INFORMATION GIVEN:
────────────────

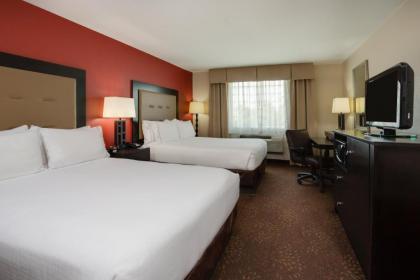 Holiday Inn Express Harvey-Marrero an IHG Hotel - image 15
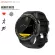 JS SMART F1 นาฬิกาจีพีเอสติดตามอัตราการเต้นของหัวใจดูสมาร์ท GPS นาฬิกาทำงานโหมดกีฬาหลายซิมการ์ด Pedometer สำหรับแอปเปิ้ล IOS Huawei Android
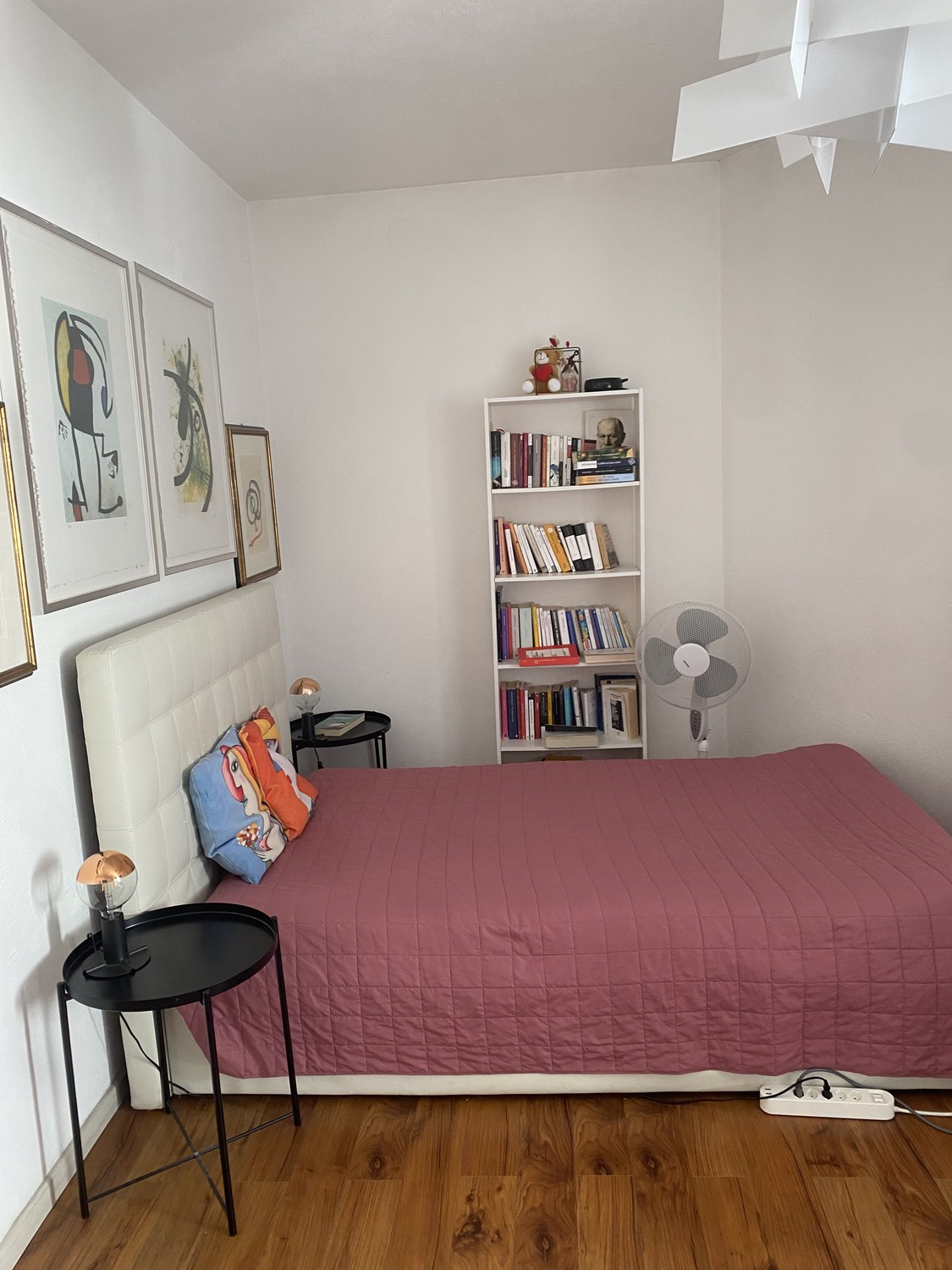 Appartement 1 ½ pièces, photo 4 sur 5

────────────────

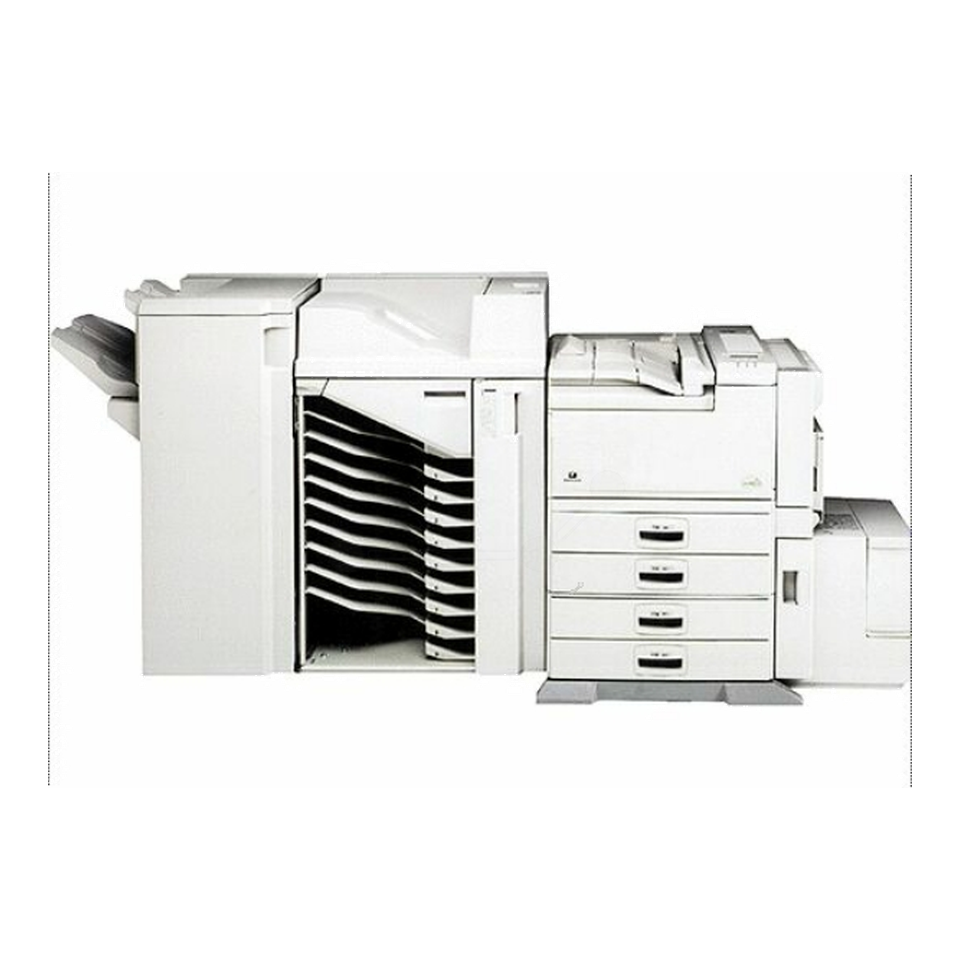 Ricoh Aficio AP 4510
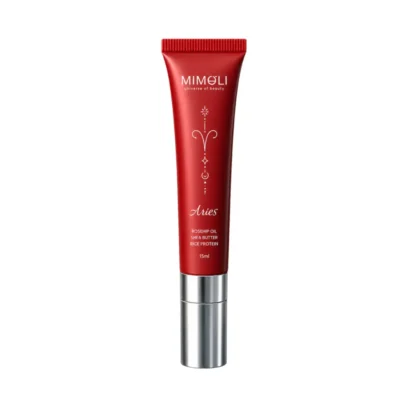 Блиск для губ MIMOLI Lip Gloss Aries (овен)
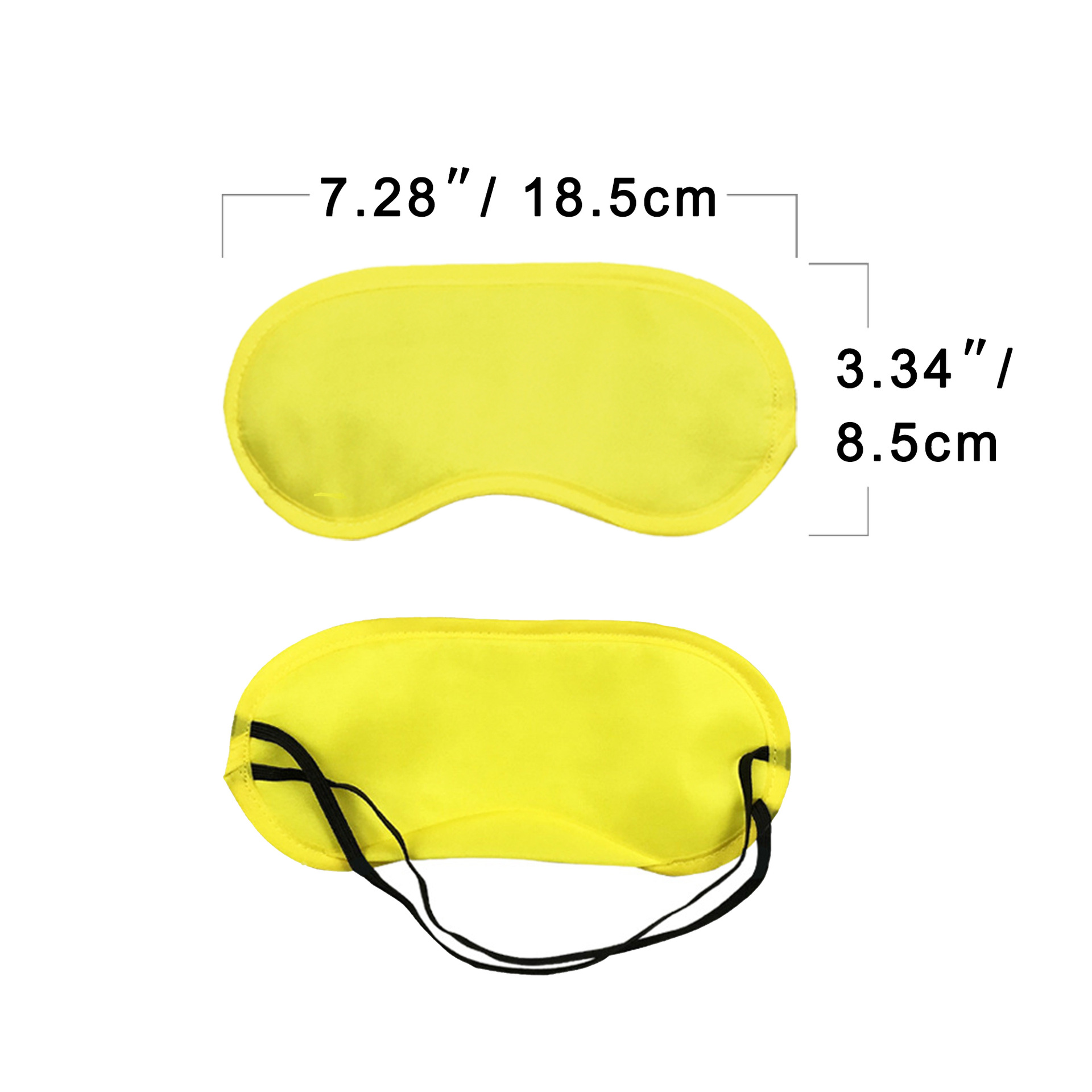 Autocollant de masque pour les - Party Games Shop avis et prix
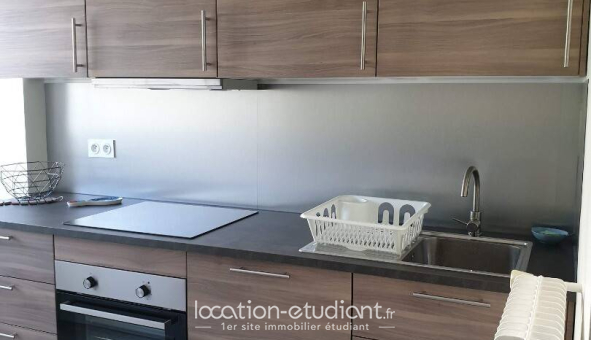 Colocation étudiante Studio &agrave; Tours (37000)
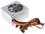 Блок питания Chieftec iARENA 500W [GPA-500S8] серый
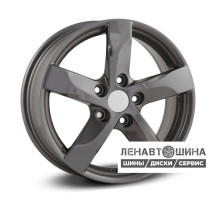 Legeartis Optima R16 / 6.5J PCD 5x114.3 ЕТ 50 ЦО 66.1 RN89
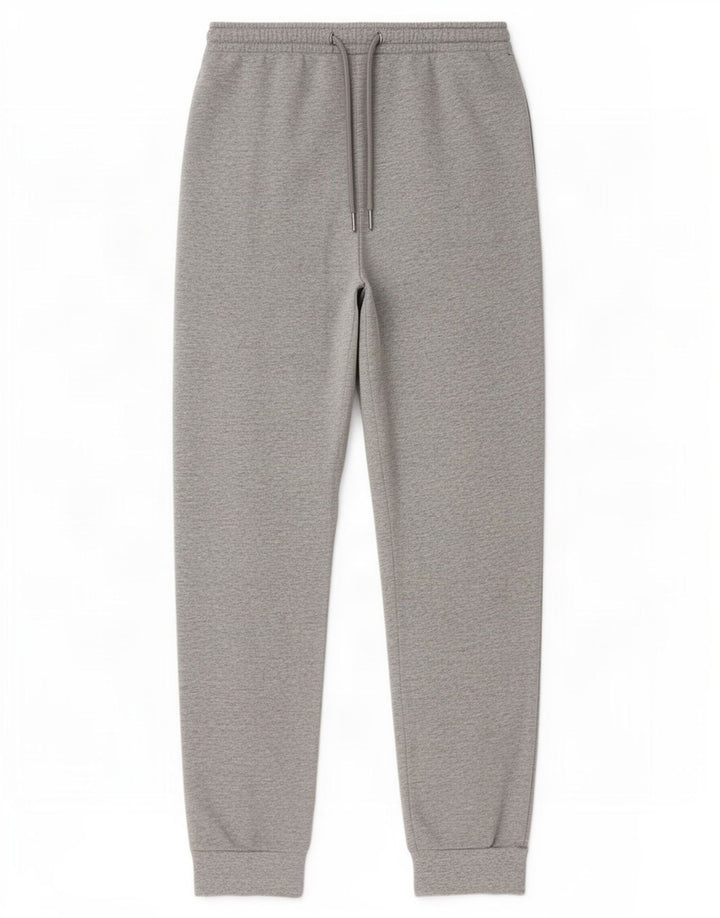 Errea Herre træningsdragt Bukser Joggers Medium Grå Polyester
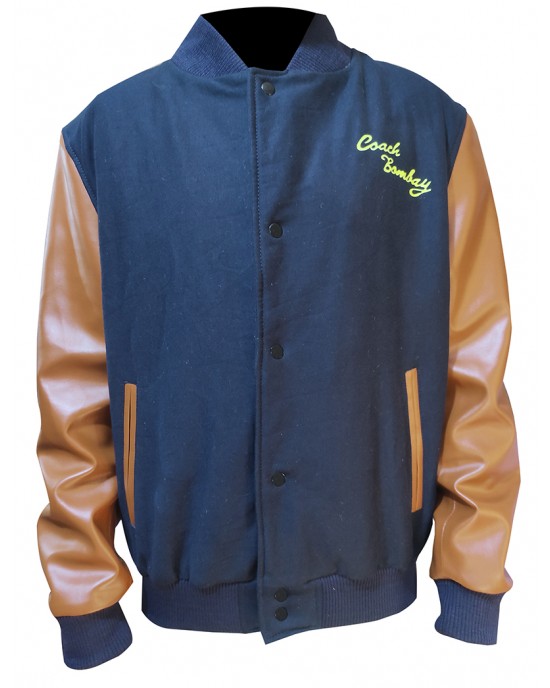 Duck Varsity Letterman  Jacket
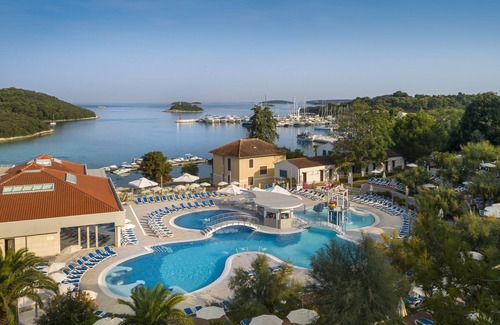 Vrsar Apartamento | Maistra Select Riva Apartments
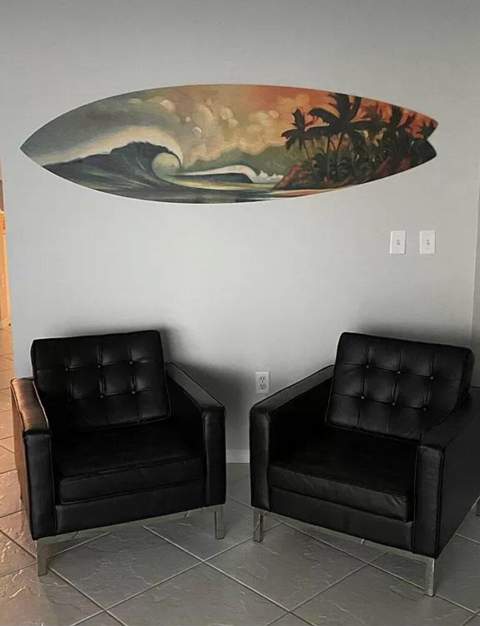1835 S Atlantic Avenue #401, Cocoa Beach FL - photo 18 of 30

────────────────

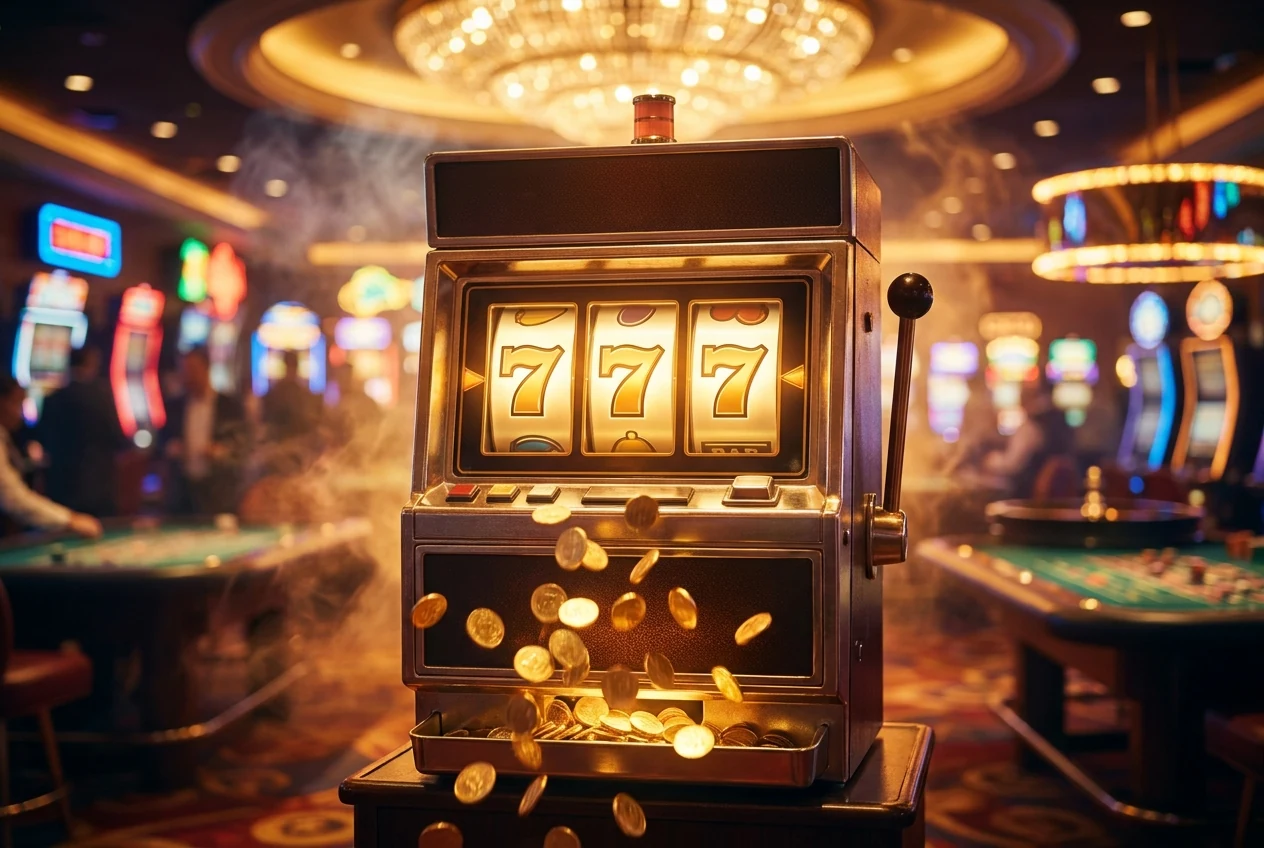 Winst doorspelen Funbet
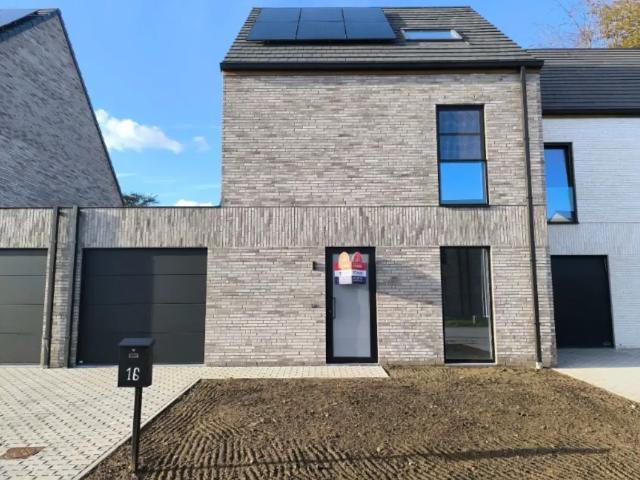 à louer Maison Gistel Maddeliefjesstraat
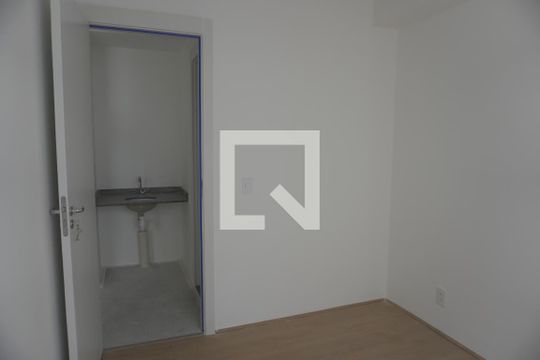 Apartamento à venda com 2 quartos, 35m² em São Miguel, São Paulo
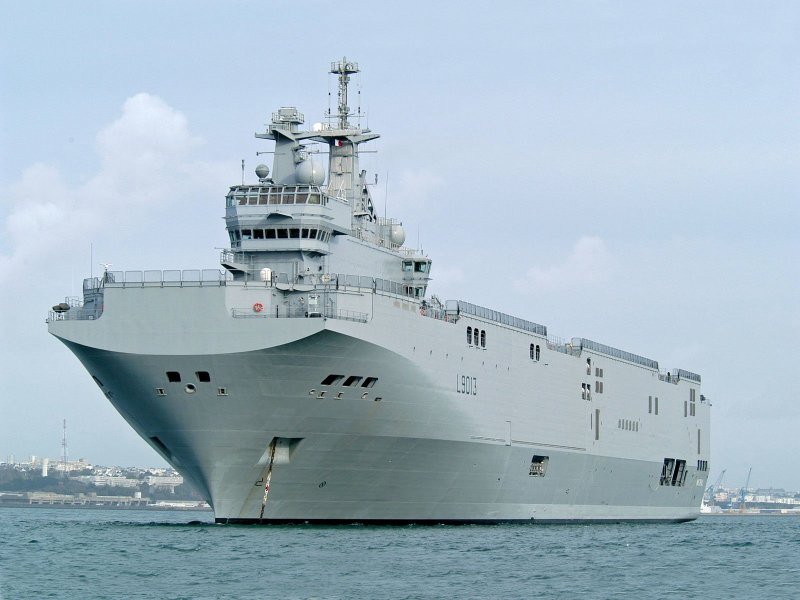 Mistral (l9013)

────────────────

WHAT IS BEING ASKED: Please transcribe exactly the part of the records that opens with the line containing "Legeartis Optima R16" and closes with the line containing "1835 S Atlantic", both ends included, and leave out the pictures.

ANSWER FOR THIS EXERCISE:
 Legeartis Optima R16 / 6.5J PCD 5x114.3 ЕТ 50 ЦО 66.1 RN89
 Errea Herre træningsdragt Bukser Joggers Medium Grå Polyester
 Duck Varsity Letterman  Jacket
 Vrsar Apartamento | Maistra Select Riva Apartments
1835 S Atlantic Avenue #401, Cocoa Beach FL - photo 18 of 30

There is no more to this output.